Moving a particle stack to a separate machine

I have recently gained access to a HPC cluster and would like to run some parts of data processing on it. Since storage space on the cluster is limited, my plan is to run preprocessing and particle picking on my single workstation setup, and only upload the particle stacks for 3D refinement. However, I cannot seem to figure out how to import the particles to the Cryosparc instance on the HPC. I am trying to transfer the exported jobs (I have tried this with an ‘Extract from micrographs’ and a ‘Restack particles’ job) using the command

rsync -rLtv ~/cryosparc/P1/exports/jobs/J1_extract_micrographs_multi user@cluster:~/P1/imports
rsync -rLtv ~/cryosparc/P1/exports/jobs/J2_restack_particles user@cluster:~/P1/imports

For some reason, this starts to transfer all the micrographs that the particles were extracted from, which is exactly what I am trying to avoid. When stopping rsync and trying to import the job without all the micrographs present, the import fails:

Unable to import job from /app/cryosparc_ datadir/P1-title/imports/J1_extract_ micrographs multi into P1:
[IMPORT_JOB]: Unable to find data referenced by cs files. Aborting import of P1 J4 from /app/cryosparc_datadir/CS-paphy-light-state-refinement/imports/J1_extract_micrographs_multi

When trying to import the .mrc files of the particle stack from the Restack particles job instead, it also fails:

Traceback (most recent call last):
File “cryosparc master/cryosparc_ compute/run.py”. line 93, in cryosparc compute .run.main
File “/app/cryosparc master/cryosparc compute/jobs/imports/run.py”, line 47, in run_import particles
far_ import path = os.path.expandvars(params[‘particle meta path’])
File “/app/cryosparc master/deps/anaconda/envs/cryosparc master env/lib/python3.7/posixpath.py”, line 288. in expandvars
path = o5.fspath(path)
TypeError: expected str, bytes or os.Pathlike object. not NoneType

I am clearly lost. What am I doing wrong here?

1 Like

The problem is that when exporting a job, all the prior “dependencies” in the workflow are exported too.

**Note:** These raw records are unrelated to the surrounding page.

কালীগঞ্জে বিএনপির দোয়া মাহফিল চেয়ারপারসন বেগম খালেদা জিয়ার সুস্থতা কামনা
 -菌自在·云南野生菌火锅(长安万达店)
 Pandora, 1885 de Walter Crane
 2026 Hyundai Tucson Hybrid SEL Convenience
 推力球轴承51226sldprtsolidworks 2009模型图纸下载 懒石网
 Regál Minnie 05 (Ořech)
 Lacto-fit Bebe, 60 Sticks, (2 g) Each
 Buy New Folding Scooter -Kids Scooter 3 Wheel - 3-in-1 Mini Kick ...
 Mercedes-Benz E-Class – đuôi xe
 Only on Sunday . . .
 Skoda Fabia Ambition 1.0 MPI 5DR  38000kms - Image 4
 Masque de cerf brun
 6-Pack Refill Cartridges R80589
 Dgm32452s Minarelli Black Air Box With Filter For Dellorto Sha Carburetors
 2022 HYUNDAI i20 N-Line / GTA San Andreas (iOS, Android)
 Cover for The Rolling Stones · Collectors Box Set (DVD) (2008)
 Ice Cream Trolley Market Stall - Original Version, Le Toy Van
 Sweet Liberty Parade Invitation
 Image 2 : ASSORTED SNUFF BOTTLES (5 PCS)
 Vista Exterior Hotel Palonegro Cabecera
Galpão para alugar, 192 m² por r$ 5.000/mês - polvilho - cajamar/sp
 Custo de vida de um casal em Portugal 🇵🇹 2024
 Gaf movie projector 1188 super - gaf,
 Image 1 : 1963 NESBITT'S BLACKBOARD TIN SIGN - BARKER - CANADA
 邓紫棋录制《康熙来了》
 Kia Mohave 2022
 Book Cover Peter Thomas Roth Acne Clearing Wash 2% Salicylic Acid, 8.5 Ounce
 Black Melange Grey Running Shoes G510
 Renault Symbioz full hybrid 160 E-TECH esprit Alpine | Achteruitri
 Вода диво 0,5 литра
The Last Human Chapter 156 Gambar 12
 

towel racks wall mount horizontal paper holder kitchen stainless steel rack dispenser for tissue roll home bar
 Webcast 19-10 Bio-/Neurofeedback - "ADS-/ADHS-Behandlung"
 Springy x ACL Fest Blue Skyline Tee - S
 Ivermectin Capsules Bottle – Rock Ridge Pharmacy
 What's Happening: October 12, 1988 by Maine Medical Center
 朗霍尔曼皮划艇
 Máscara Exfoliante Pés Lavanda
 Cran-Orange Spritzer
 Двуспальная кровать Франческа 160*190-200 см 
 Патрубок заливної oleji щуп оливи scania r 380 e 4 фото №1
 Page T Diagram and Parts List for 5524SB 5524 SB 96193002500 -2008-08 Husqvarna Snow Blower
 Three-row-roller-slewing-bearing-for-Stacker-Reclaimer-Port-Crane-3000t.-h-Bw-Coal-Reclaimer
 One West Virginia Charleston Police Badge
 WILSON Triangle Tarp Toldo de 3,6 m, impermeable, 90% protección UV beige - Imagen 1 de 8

The solution is to first get rid of these by inputting your extract micrographs job (for example) into a particle sets job (setting the batchsize to an arbitrarily large value), and removing the location slot from the expanded inputs (which will remove the micrographs from the outputs).

Now when you import the job using your first described method, it should just copy across the particle stacks, not the mics.

Hope that helps!

Cheers
Oli

3 Likes

This is exactly what I was looking for, thanks a lot!